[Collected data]

++++++++++++++++++++

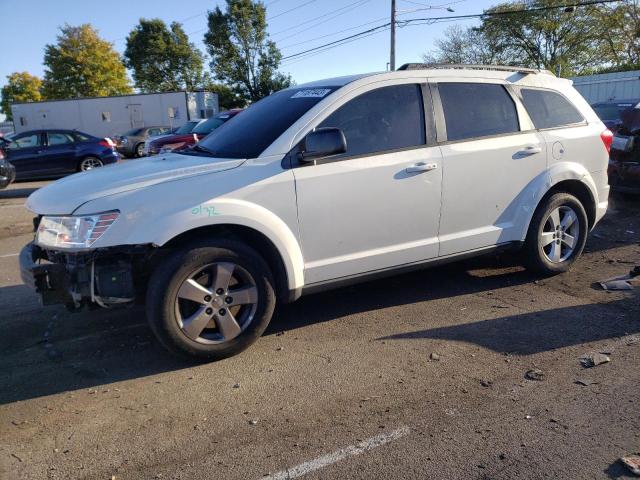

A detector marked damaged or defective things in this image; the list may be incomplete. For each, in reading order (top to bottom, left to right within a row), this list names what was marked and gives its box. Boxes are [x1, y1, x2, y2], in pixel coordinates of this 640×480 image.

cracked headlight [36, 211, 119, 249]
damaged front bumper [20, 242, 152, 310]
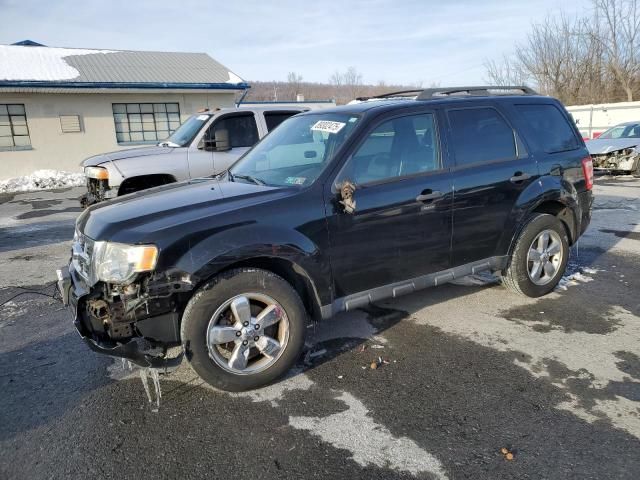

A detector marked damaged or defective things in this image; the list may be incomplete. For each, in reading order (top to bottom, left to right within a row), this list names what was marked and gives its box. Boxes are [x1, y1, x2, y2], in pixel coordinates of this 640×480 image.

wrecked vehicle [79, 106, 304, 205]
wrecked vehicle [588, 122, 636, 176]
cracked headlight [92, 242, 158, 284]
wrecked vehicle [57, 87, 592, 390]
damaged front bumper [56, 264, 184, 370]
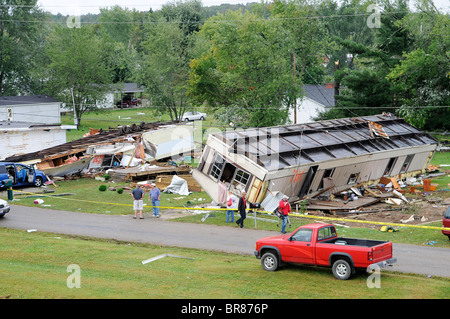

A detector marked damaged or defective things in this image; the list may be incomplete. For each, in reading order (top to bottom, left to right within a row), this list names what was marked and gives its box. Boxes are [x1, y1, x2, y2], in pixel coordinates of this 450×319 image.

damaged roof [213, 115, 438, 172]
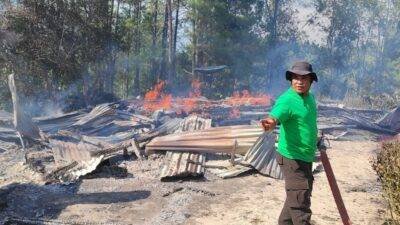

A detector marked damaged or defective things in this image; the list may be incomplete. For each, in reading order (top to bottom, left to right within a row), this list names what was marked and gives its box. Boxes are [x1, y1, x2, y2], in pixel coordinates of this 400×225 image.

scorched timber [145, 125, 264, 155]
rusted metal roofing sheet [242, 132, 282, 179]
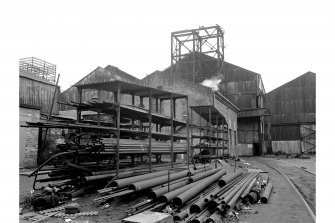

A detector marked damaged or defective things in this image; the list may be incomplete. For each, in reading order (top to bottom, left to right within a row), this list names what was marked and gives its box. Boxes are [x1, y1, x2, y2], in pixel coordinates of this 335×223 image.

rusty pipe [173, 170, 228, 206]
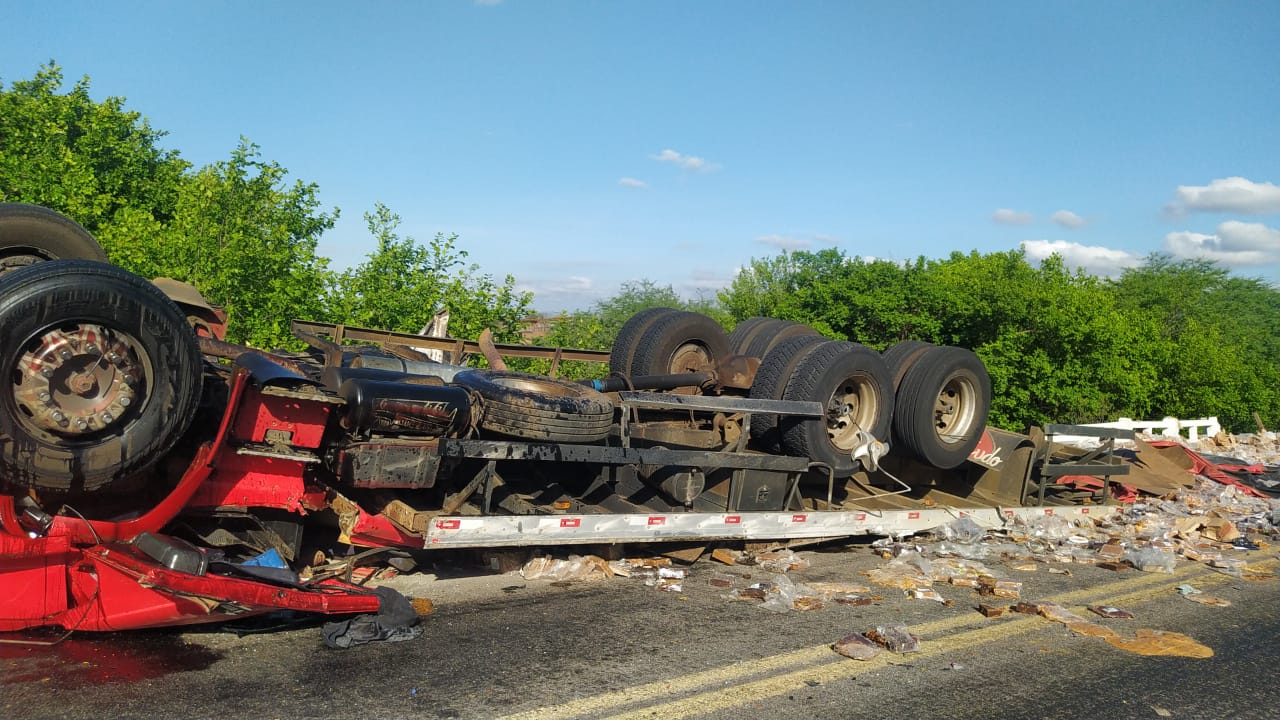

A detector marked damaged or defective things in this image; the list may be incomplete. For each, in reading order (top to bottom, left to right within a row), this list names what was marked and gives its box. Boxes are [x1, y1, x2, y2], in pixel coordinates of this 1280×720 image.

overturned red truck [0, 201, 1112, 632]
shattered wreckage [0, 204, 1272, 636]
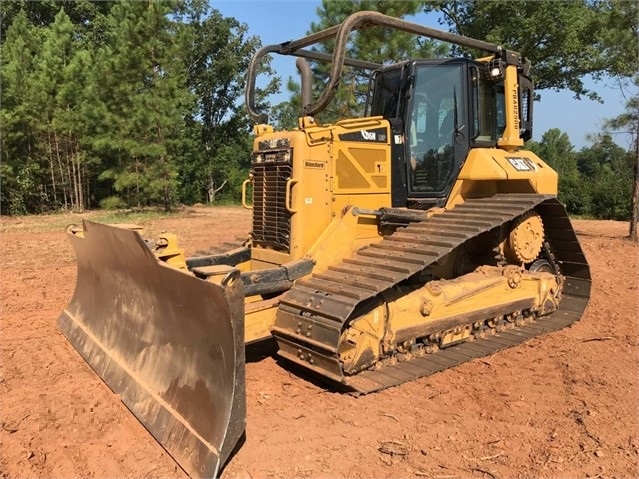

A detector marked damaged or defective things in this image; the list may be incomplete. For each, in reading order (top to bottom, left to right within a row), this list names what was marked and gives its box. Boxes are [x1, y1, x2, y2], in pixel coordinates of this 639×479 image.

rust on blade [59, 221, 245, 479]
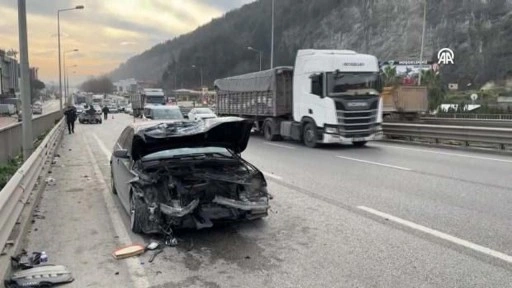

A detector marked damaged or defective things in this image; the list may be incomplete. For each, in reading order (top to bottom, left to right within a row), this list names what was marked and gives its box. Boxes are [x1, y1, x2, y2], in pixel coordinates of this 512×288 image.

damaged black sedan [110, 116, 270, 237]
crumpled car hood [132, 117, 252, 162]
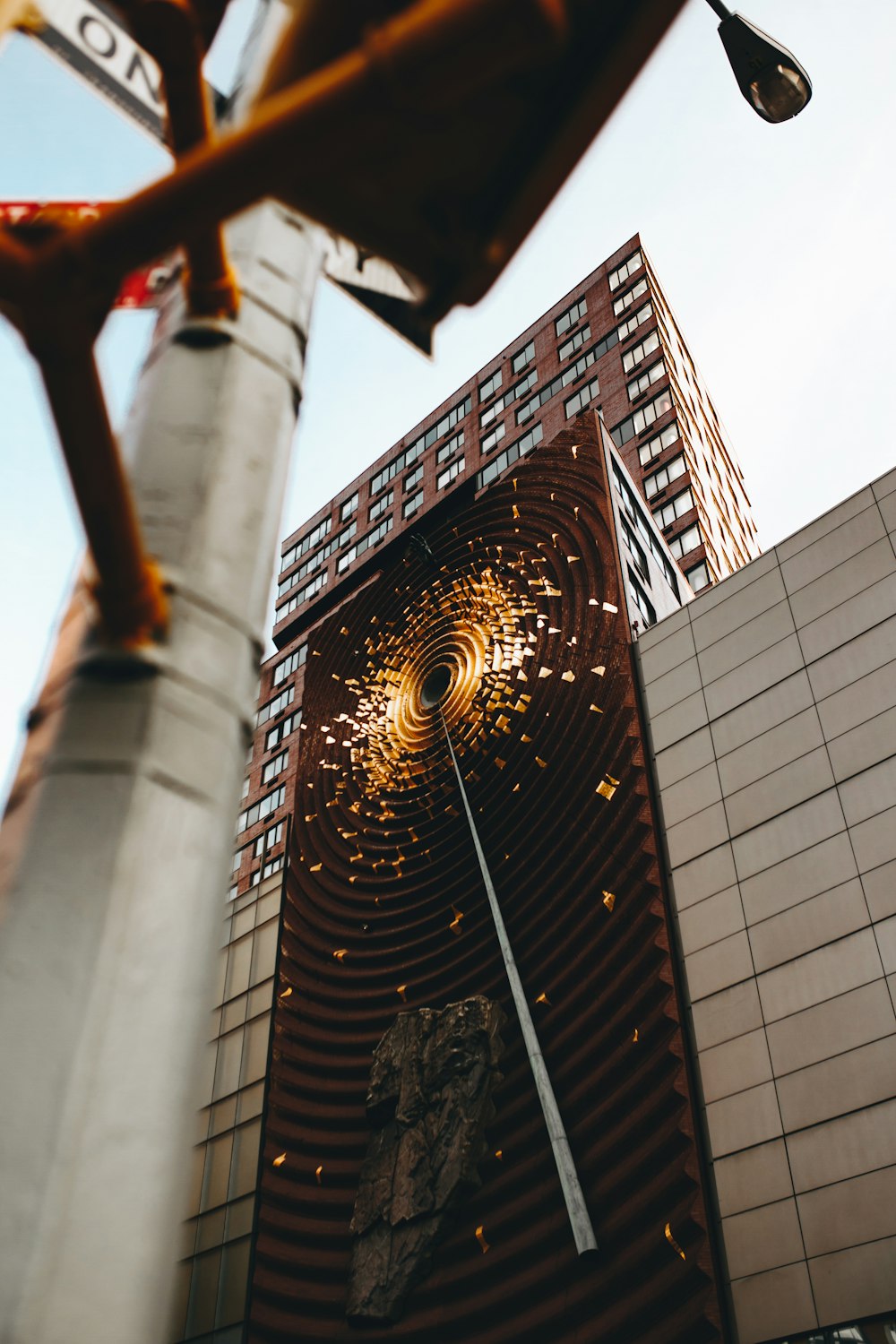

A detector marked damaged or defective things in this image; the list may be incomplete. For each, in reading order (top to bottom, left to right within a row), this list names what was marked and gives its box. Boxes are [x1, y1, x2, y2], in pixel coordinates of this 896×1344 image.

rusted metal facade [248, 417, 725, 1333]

++++++++++++++++++++

TASK OBJECTIVE:
The line containing "this 896×1344 image." marks where to begin; the last line of the records marks where to stop. Copy both and all between, exactly.

ANSWER AREA:
A detector marked damaged or defective things in this image; the list may be incomplete. For each, in reading order (top to bottom, left to right within a row), this list names what was marked and gives its box. Boxes are [x1, y1, x2, y2], in pixel coordinates of this 896×1344 image.

rusted metal facade [248, 417, 725, 1333]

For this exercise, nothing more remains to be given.